What resources—people, books, curricula, places or organizations (museums, art centers, scouting, 4-H, businesses, etc.)—have you found helpful? How have they contributed to your youth’s development?

I find inspiration and encouragement in the writings of Grace Llewellyn, John Holt and John Taylor Gatto. Facebook helped me so much when I was still exploring the idea of homeschooling. I followed every Homeschool page and blog I could find. I especially liked the “Day in the Life” series on Jamie Martin’s Simple Homeschool page.
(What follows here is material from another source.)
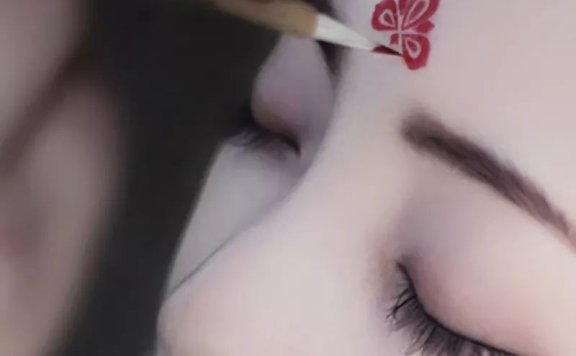 Spring has come, how should one apply makeup for Hanfu?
Reading everyday people’s stories made it seem possible and accessible to me.

 

From your young people’s perspectives, what are the main pluses of this type of education?

They cite “lots of outside time, no desks, options, lots of fun things to do, wood shop, easy to make friends at OC, and hiking” as the main pluses.

 

From your young people’s perspectives, what could OC do to further enhance their OC experience?
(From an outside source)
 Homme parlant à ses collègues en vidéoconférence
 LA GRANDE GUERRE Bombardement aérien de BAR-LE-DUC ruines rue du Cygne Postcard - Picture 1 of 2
Silas wishes that he could do animal care all of the time and Elliot wants to be allowed to bring his books from home. (Mom and Dad say there is a very good reason to enjoy all that OC has to offer at OC and enjoy books from home at home.)

 

Looking back to when your family was new to OC, what events (Open Campus Days, Parents’ Meetings, Open Mic Night, etc.) helped your family become more connected to the OC community?

We love Community Days, especially the Resource Fair in October. Some of our best moments come when lingering after program days in and around the Sand Pit. I have had and continue to have so many great, frequently-interrupted conversations while chasing Wally around the campus at the end of the day. The Pausing Ceremony is a beautiful way to close the year and celebrate together.

 

Also, because our restaurant has catered the last two OC Graduation ceremonies, we have had the opportunity to witness the most beautiful, personal and unique ritual that OC celebrates. To call it “graduation” might be to undersell the touching tribute to individuals that it actually is. We were so touched by the stories the facilitators shared, and they really brought home for us how loved the young people are in this special place.

 

What could OC do to further your (the parent’s) experience, help you reach your un-met goals, or pursue them in a more effective or enjoyable manner?
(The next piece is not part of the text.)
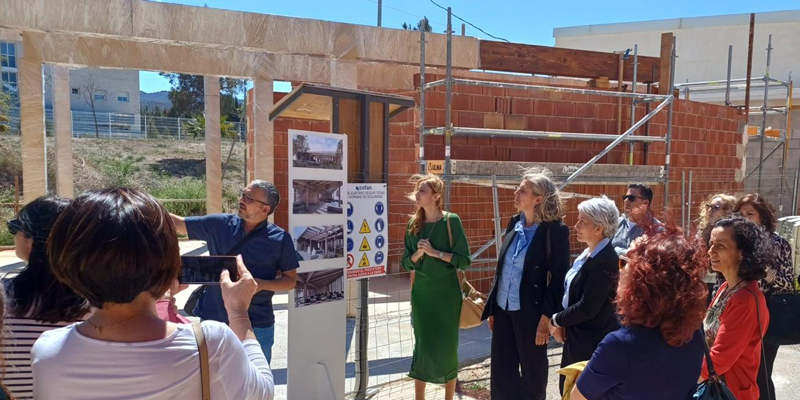 Alumnos del programa mixto ‘Edificación Sostenible II’ avanzan en la construcción de un edificio bioclimático en El Palmar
I am very excited that a mentoring program started this year. I think this is a great way to bring new families into the fold more quickly. Although I am very outgoing, it took a while to learn names and feel truly connected with a few other families. I think it would also be great to have pictures of facilitators with their names displayed prominently somewhere at the start of the year. When you are new, there are so many names to learn.

 

Finally, as a new homeschooler last year, I would have loved to share all of my fears and concerns in a sort of support group. So many of the amazing, extraordinary, experienced homeschoolers came across as so confident; sometimes it was hard to admit that I was riddled with self-doubt. Many facilitators shared with me that they always knew they wanted to homeschool their own families, or that they were homeschooled themselves. That perspective is so important to our community. Having role models who are themselves the accomplished and happy products of a homeschool education is enough to make me cry with gratitude. For my family, however, last year was the start of a different sort of journey that we never expected to make. Despite the delights it brought, it was a year of uncertainty. We were learning to let go of past expectations. Jeremy and I needed to be un-schooled a bit ourselves. Finding others who were also feeling growing pains took time and a certain amount of bold outreach/bold lamenting on my part. In the future, I would love to be a person (or part of a team) for families new to homeschooling to look to for reassurance and friendship when they are experiencing doubt about this big bold choice.